Pelaihari, elaeis.co – DPRD Kabupaten Tanah Laut (tala), Kalimantan Selatan (Kalsel), menggelar rapat dengar pendapat (RDP) dengan perwakilan masyarakat Desa Riam Adungan, Kecamatan Kintap, dan manajemen PT Arutmin Indonesia. RDP dipimpin Ketua DPRD Tala H Khairil Anwar.
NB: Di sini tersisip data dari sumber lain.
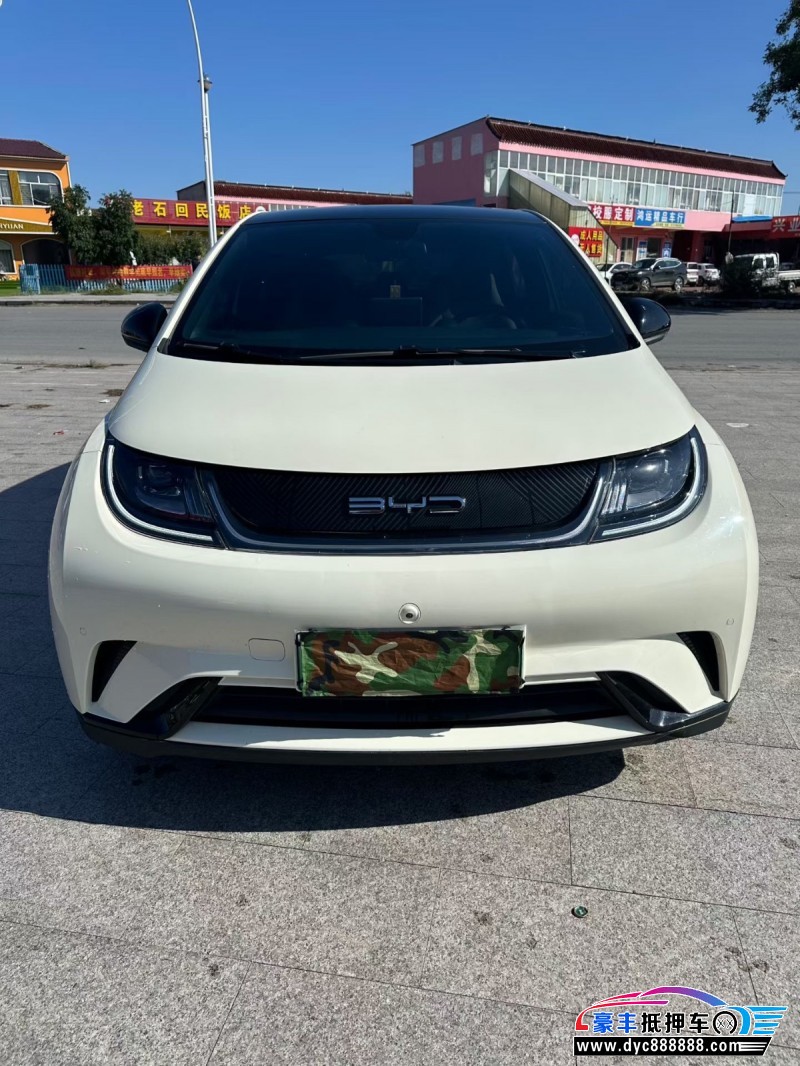 23年比亚迪海豚轿车抵押车出售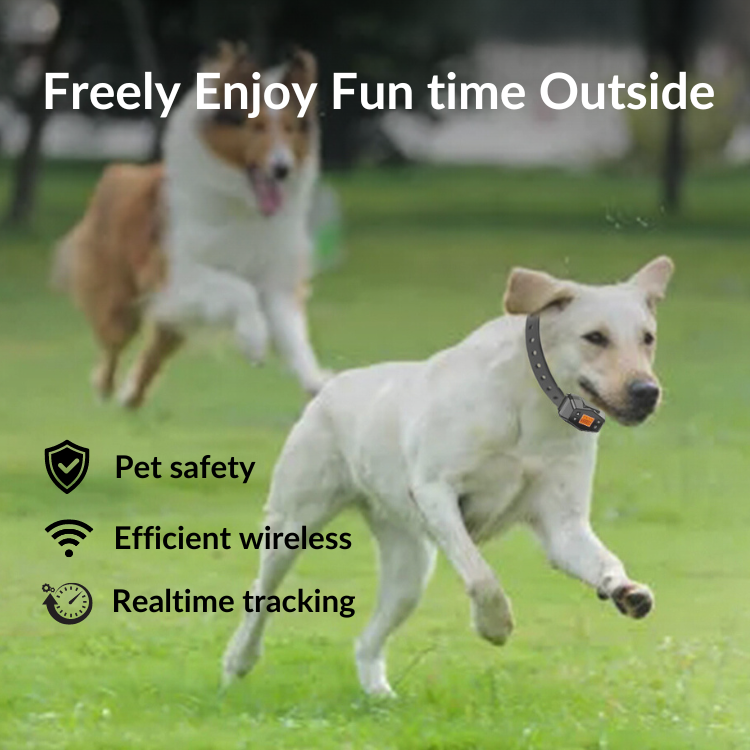 Osmo DoggoFence GPS Wireless Fencing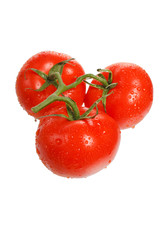 fresh tomatoes on the white background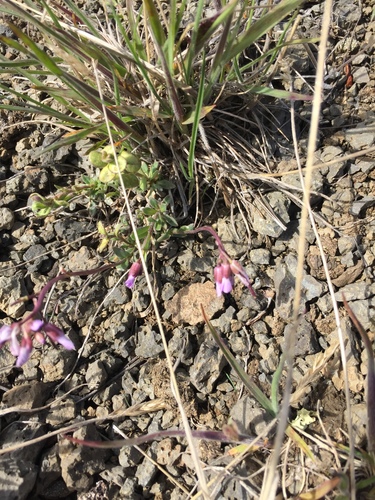 Soldier Rockcress (Boechera drepanoloba)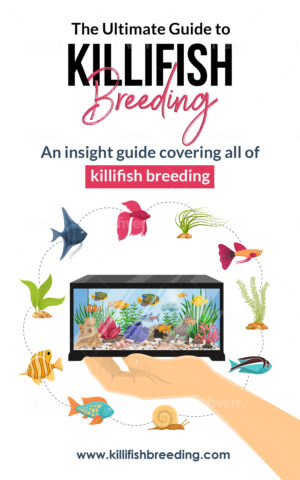 Ultimate Guide to Killifish Breeding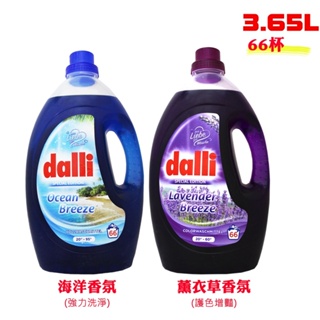 【易生活】dalli 全效能 綠色/藍色/白色/紫色 洗淨 護色 洗衣精 ACTIV 3.65L【超商取貨限重一瓶】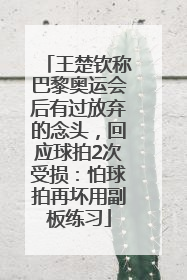 王楚钦称巴黎奥运会后有过放弃的念头，回应球拍2次受损：怕球拍再坏用副板练习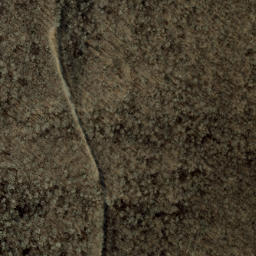 Satellite imagery of Craggy Gardens, US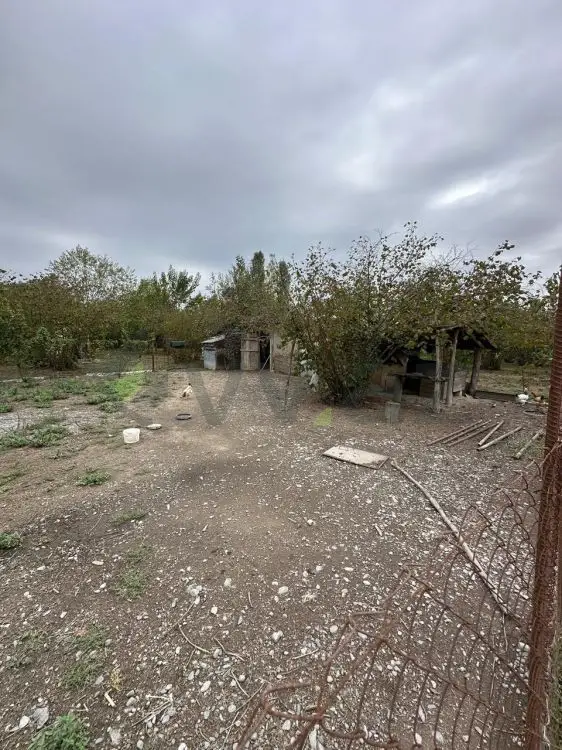 60 sot Torpaq Satılır, Qəbələ — Torpaq, Qəbələ (9)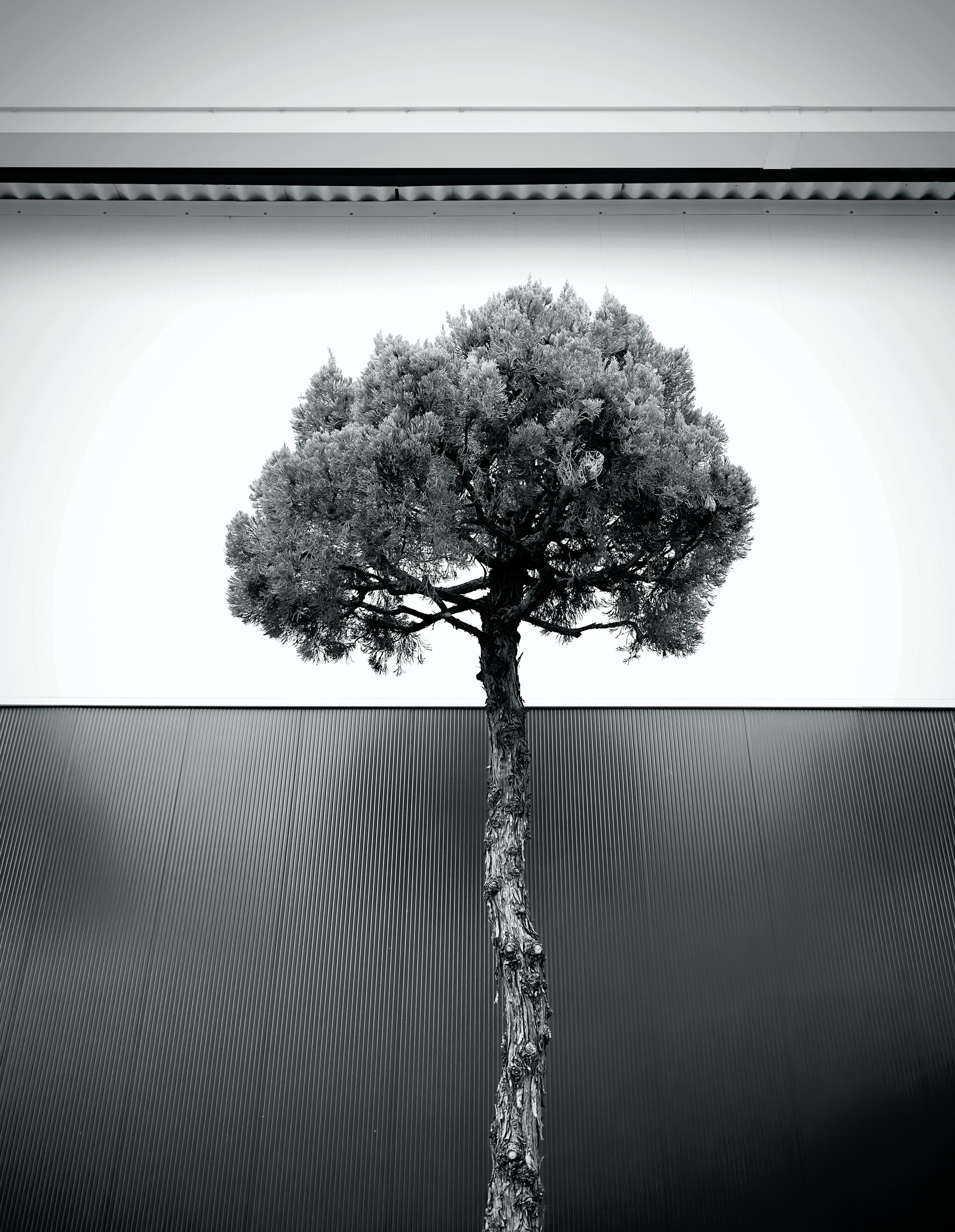 Michael Kenna 45 A Year Odyssey マイケル・ケンナ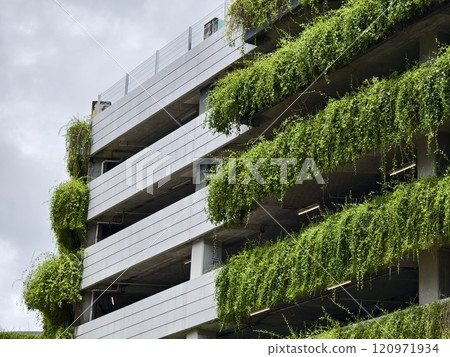 Detailed view of windows, doors and balconies of city buildings Detailed view of windows, doors and balconies of city buildings 120971934
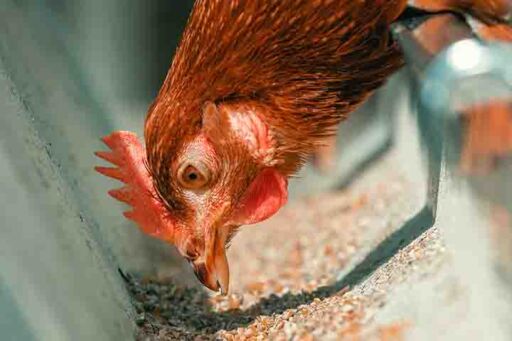 Nutrici&oacute;n de precisi&oacute;n en gallinas ponedoras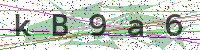 Enter Security Code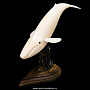 Скульптура из клыка моржа "Кит", фотография 2. Интернет-магазин ЛАВКА ПОДАРКОВ
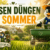 Rasen düngen im Sommer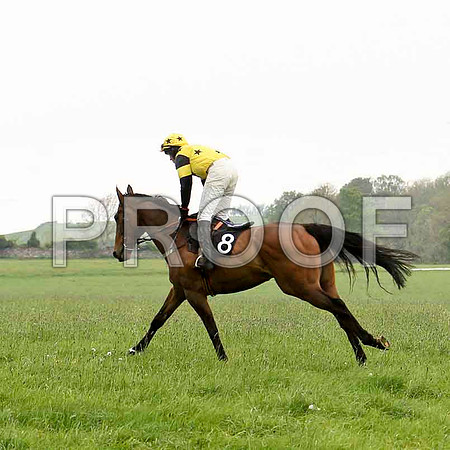 Kircassock Vic, 4th, Jockey D L Queally - FT8E2472-e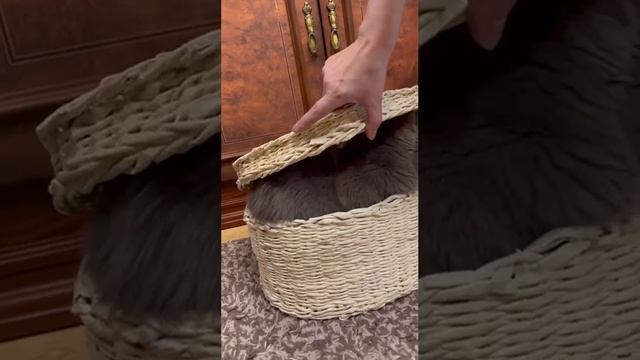 Плетеная корзина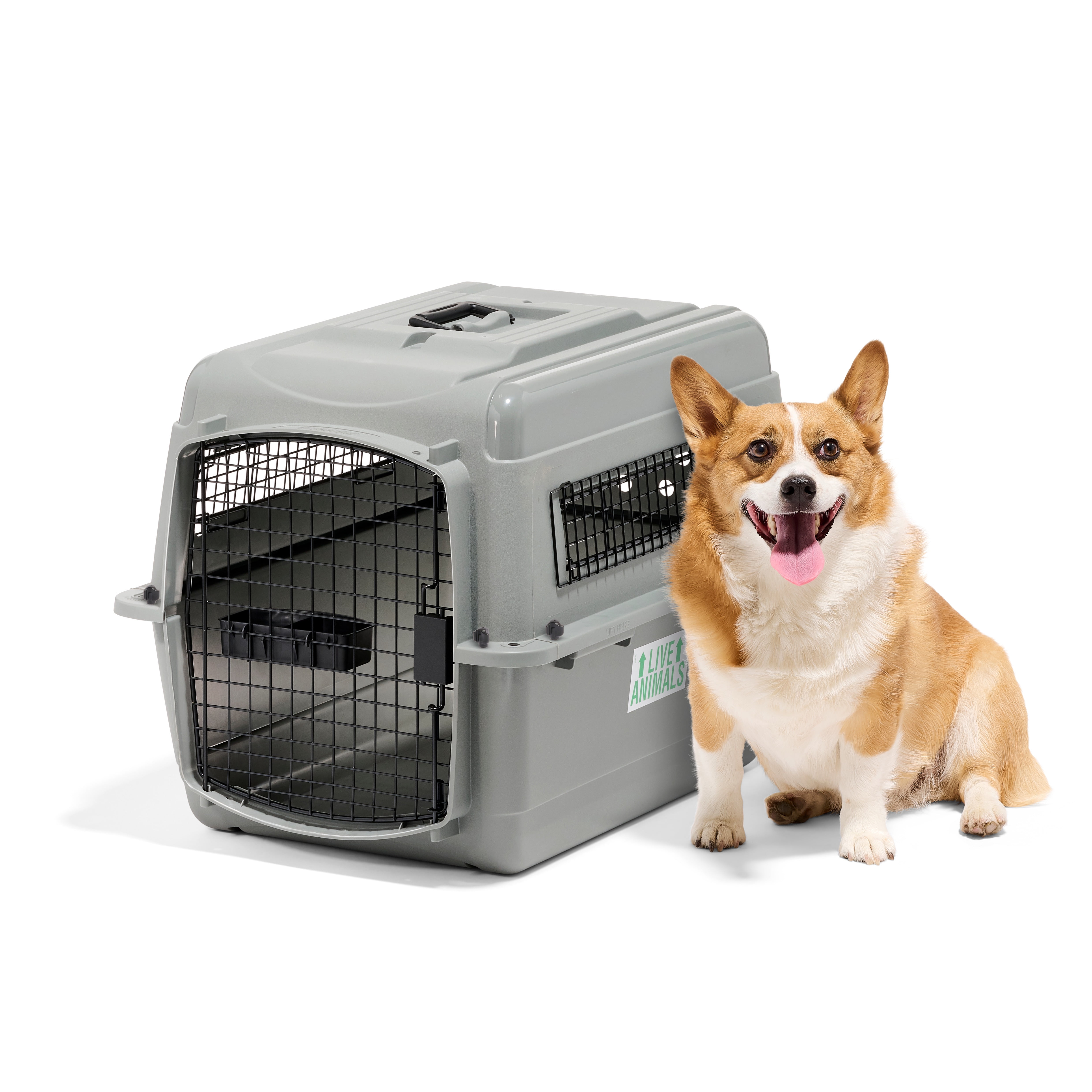 Petmate Sky Kennel for Dogs & Cats, IATA Approved, Plastic Travel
Rapat selama dua jam tidak menghasilkan titik temu. Perwakilan warga Riam Adungan didampingi Kades Zainal Abidin mengklaim selama ini perusahaan tambang tersebut tidak pernah melakukan ganti rugi lahan warga yang ditambang. Itu sebabnya mereka merasa memiliki hak untuk memanfaatkan lahan eks tambang PT Arutmin yang cukup lama terbengkalai. Lahan itu kemudian dijadikan kebun plasma kelapa sawit bermitra dengan perusahaan lain.

Namun sejak 5 Desember 2024 pembangunan kebun plasma terhenti karena Polda Kalsel memasang police line paska laporan penyerobotan lahan dan perusakan tanaman reklamasi yang dimasukkan PT Arutmin.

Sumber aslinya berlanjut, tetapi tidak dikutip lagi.